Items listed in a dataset
-=-=-=-=-
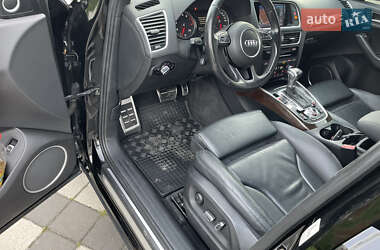 Позашляховик / Кросовер Audi Q5 2016 в 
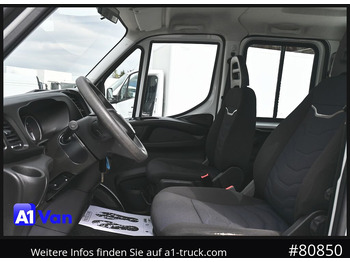 Ladbil med tip, Mandskabsbil IVECO Daily 35C14 Kipper, Klima, Tempomat, AHK: billede 4 Ladbil med tip, Mandskabsbil IVECO Daily 35C14 Kipper, Klima, Tempomat, AHK: billede 4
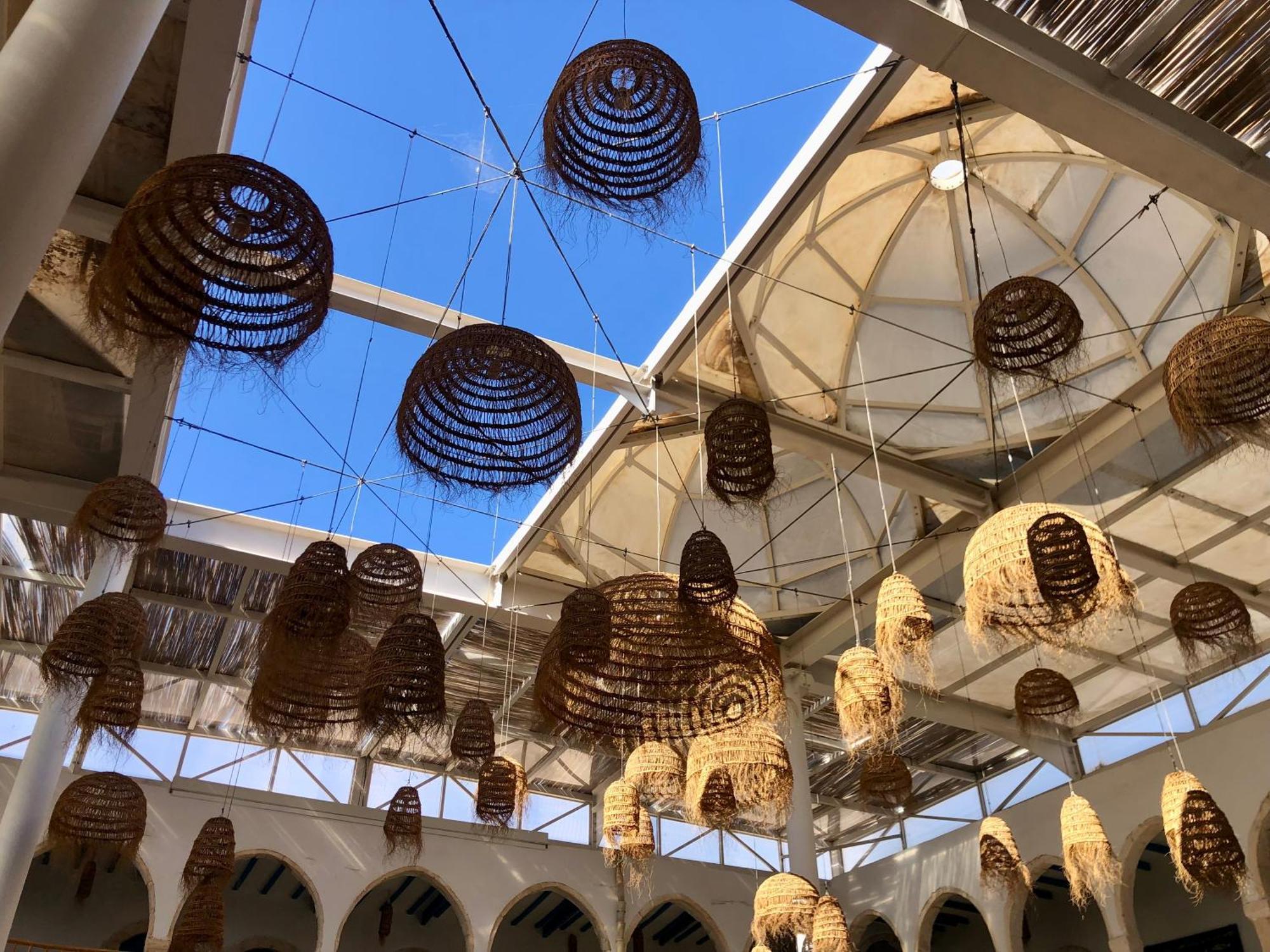 Dar Lola Djerba Bed and Breakfast Houmt Souk  Eksteriør billede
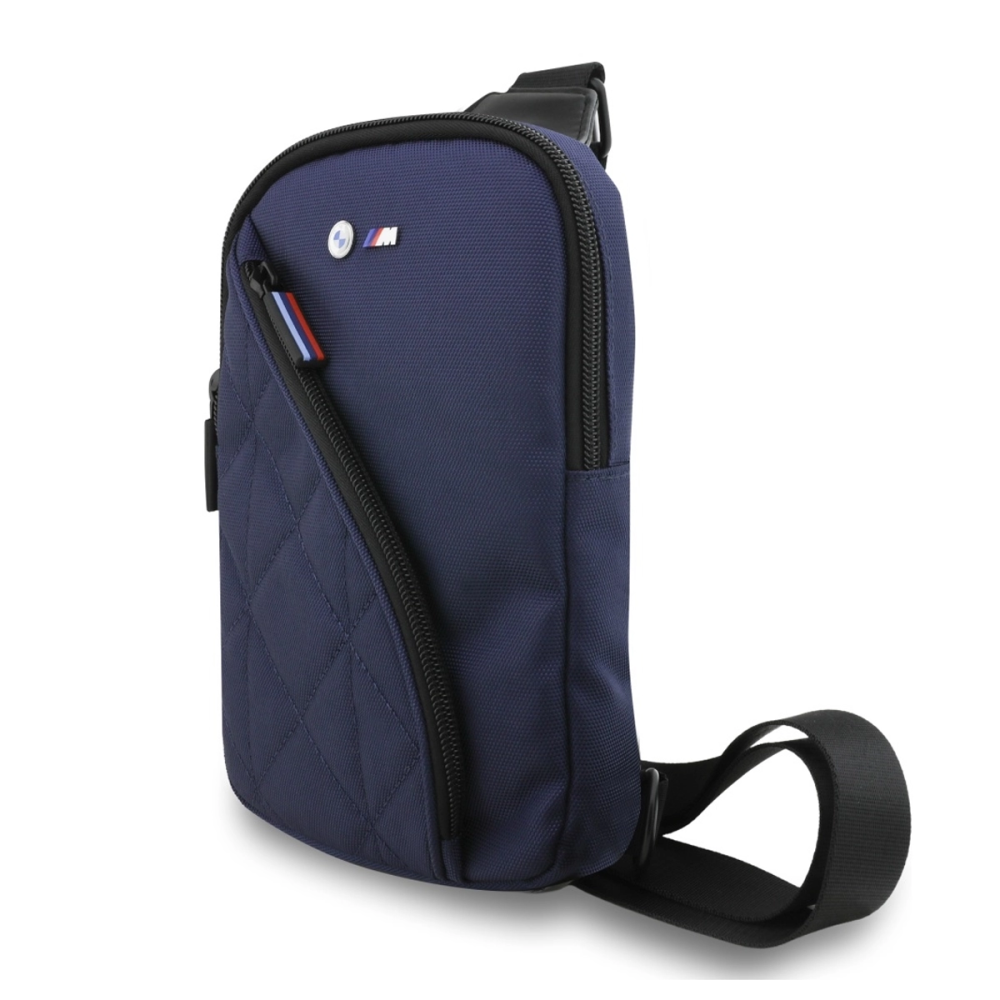 Saszetka na ramię BMW M Nylon&Metal | Oficjalny Dealer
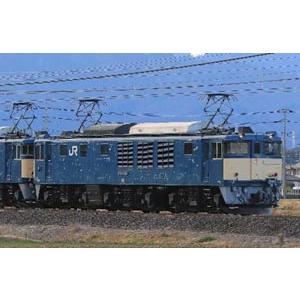 トミックス EF64-1000形（後期型 JR東日本仕様） 【TOMIX・7113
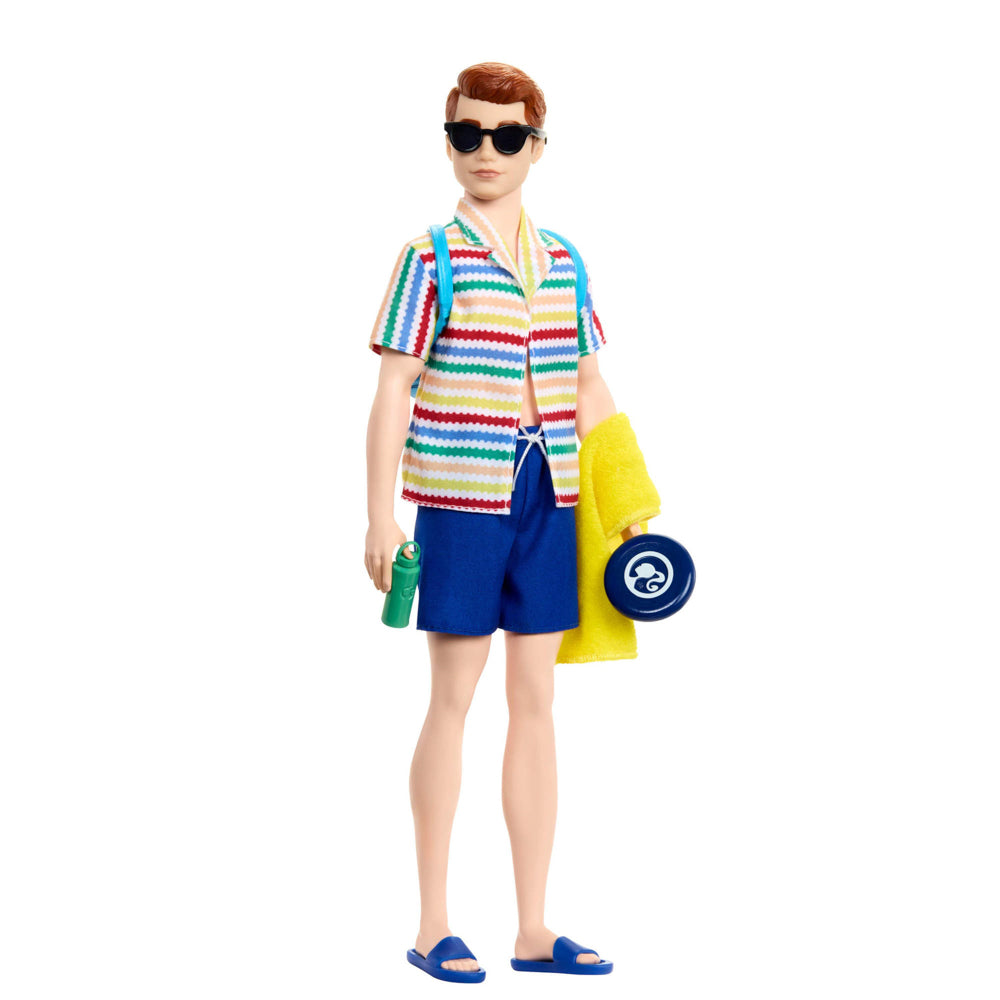 Barbie Family & Friends - Allan Buddy of Ken doll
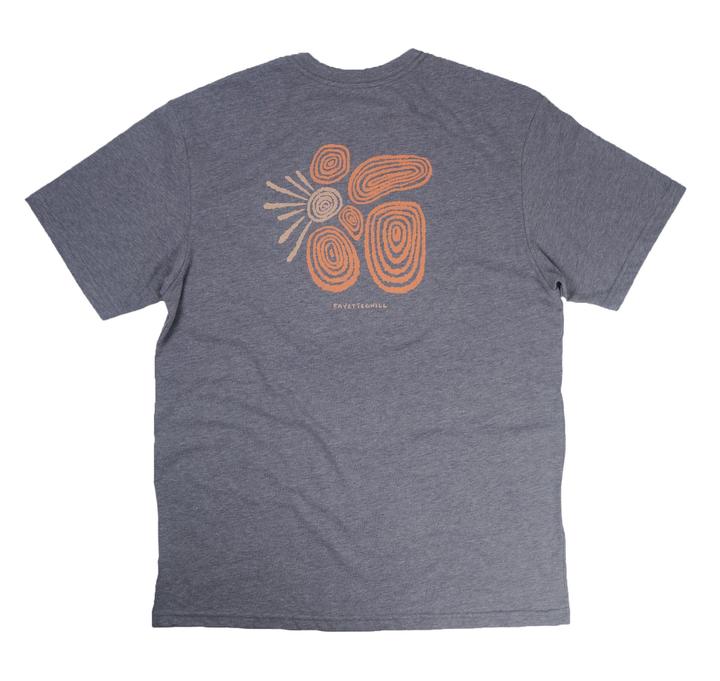 Fayettechill Men's Short Sleeve Sundaze T-Shirt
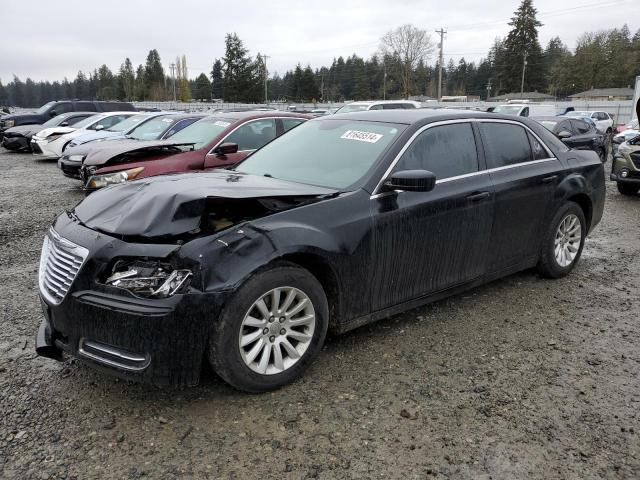 CHRYSLER 300 2013 with VIN 2C3CCAAG3DH519135 - Photo from auction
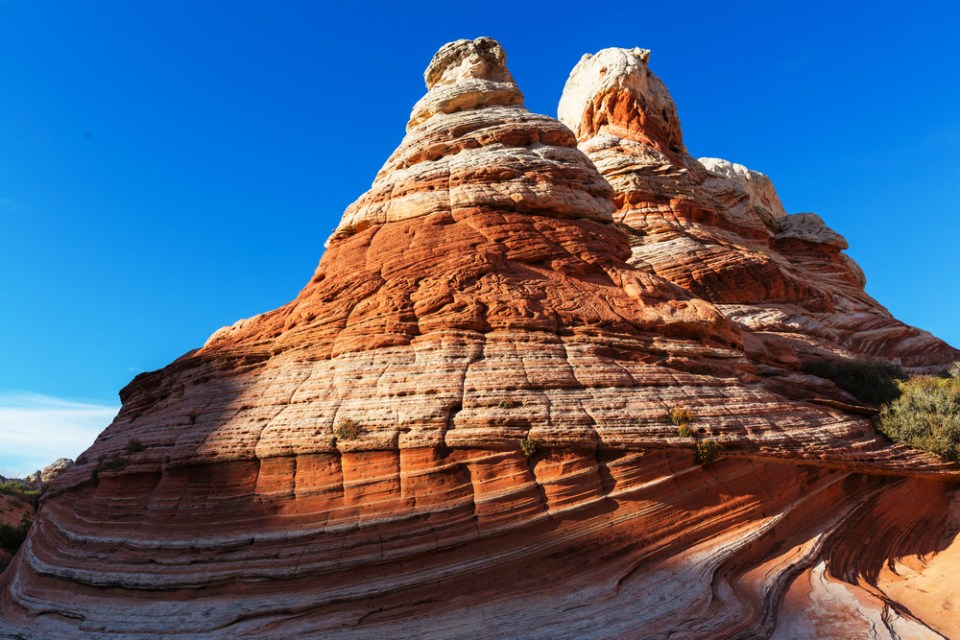 Vermillion Cliffs National Monument Landscapes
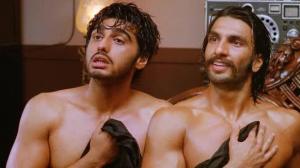 Кадры из фильма Вне закона / Gunday (2014)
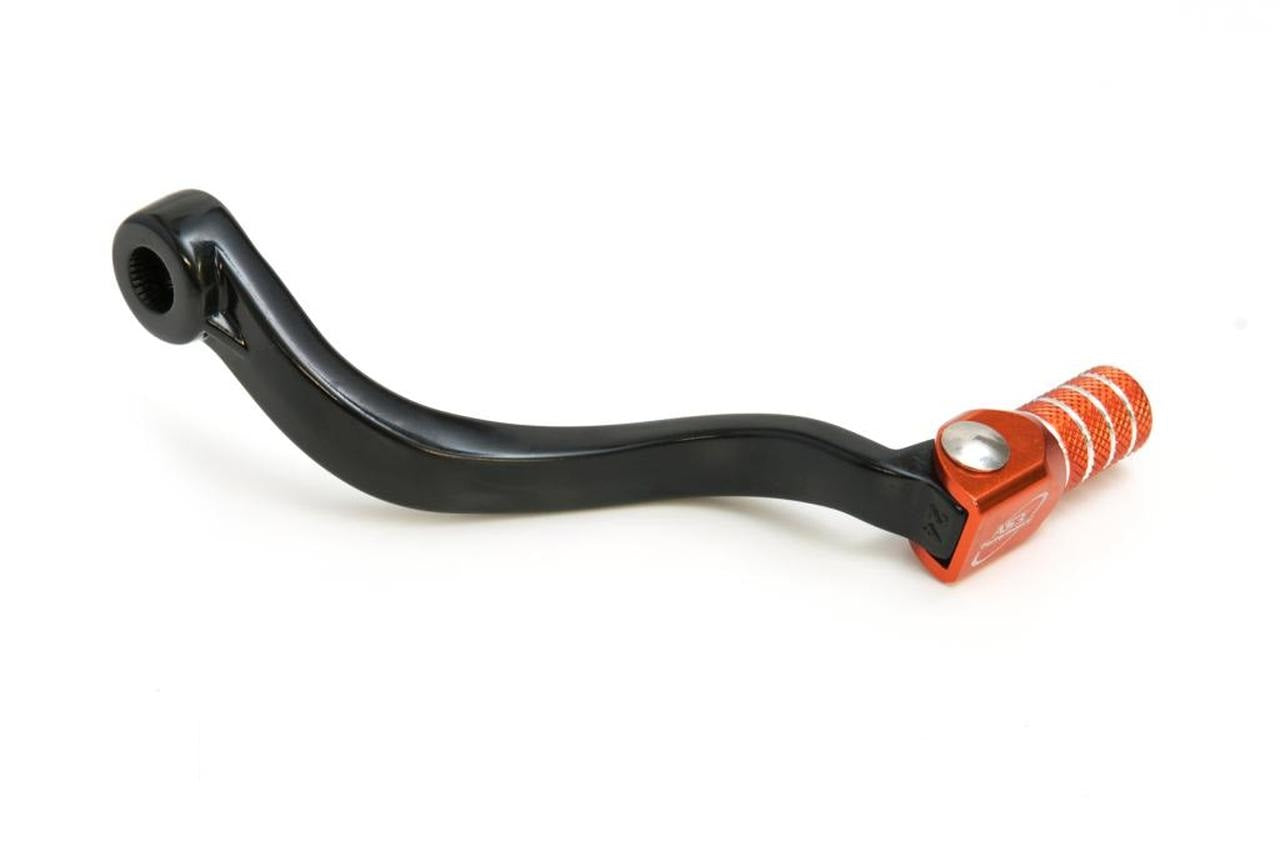 AS3 Forged Aluminium Gear Lever for KTM 125, 150, 200, 250, 350, 450, 530 SX, EXC, SX - F, EXC - F Models from 2001 to 2016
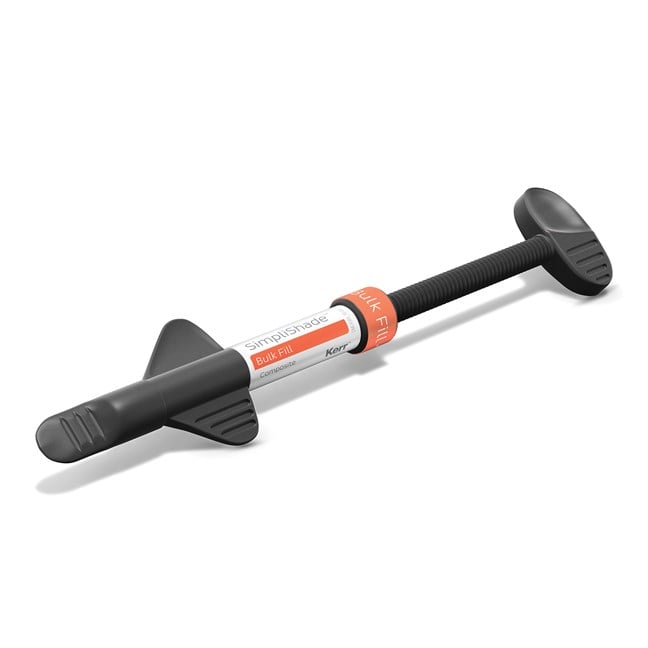 Simplishade Bulk Fill Syringe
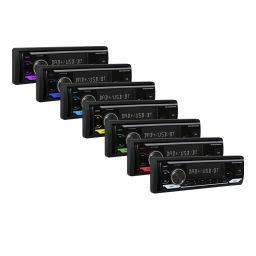 Macrom M-DL3300DAB Manuel utilisateur | Fixfr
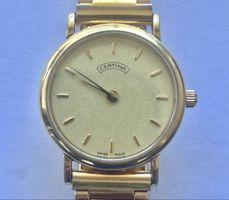 Certina Montre Quartz Femme  Bon État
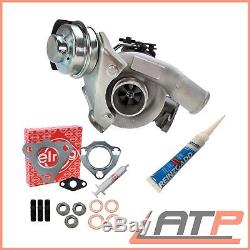 Exhaust Turbo+fitting Kit+gasket Opel Vauxhall Combo 04- Astra Mk 5 H 1.7 Cdti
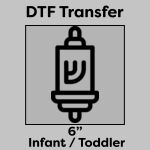 DTF Transfer 6" Thumbnail
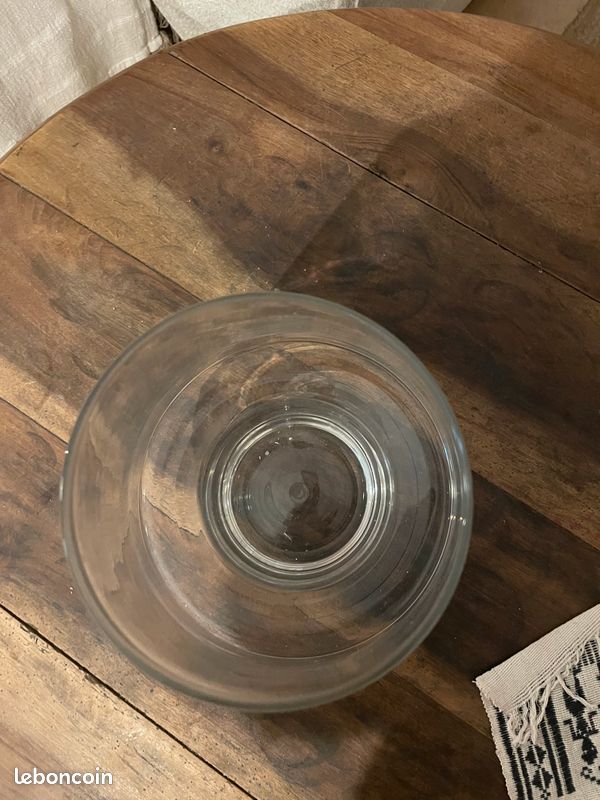 Vase transparent (image 2)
-=-=-=-=-
## How to complete this task:
Without any pictures, return the entries exactly as given.

## Answer below:
 Позашляховик / Кросовер Audi Q5 2016 в 
 Ladbil med tip, Mandskabsbil IVECO Daily 35C14 Kipper, Klima, Tempomat, AHK: billede 4 Ladbil med tip, Mandskabsbil IVECO Daily 35C14 Kipper, Klima, Tempomat, AHK: billede 4
 Dar Lola Djerba Bed and Breakfast Houmt Souk  Eksteriør billede
 Saszetka na ramię BMW M Nylon&Metal | Oficjalny Dealer
 トミックス EF64-1000形（後期型 JR東日本仕様） 【TOMIX・7113
 Barbie Family & Friends - Allan Buddy of Ken doll
 Fayettechill Men's Short Sleeve Sundaze T-Shirt
 CHRYSLER 300 2013 with VIN 2C3CCAAG3DH519135 - Photo from auction
 Vermillion Cliffs National Monument Landscapes
 Кадры из фильма Вне закона / Gunday (2014)
 AS3 Forged Aluminium Gear Lever for KTM 125, 150, 200, 250, 350, 450, 530 SX, EXC, SX - F, EXC - F Models from 2001 to 2016
 Simplishade Bulk Fill Syringe
 Macrom M-DL3300DAB Manuel utilisateur | Fixfr
 Certina Montre Quartz Femme  Bon État
 Exhaust Turbo+fitting Kit+gasket Opel Vauxhall Combo 04- Astra Mk 5 H 1.7 Cdti
 DTF Transfer 6" Thumbnail
 Vase transparent (image 2)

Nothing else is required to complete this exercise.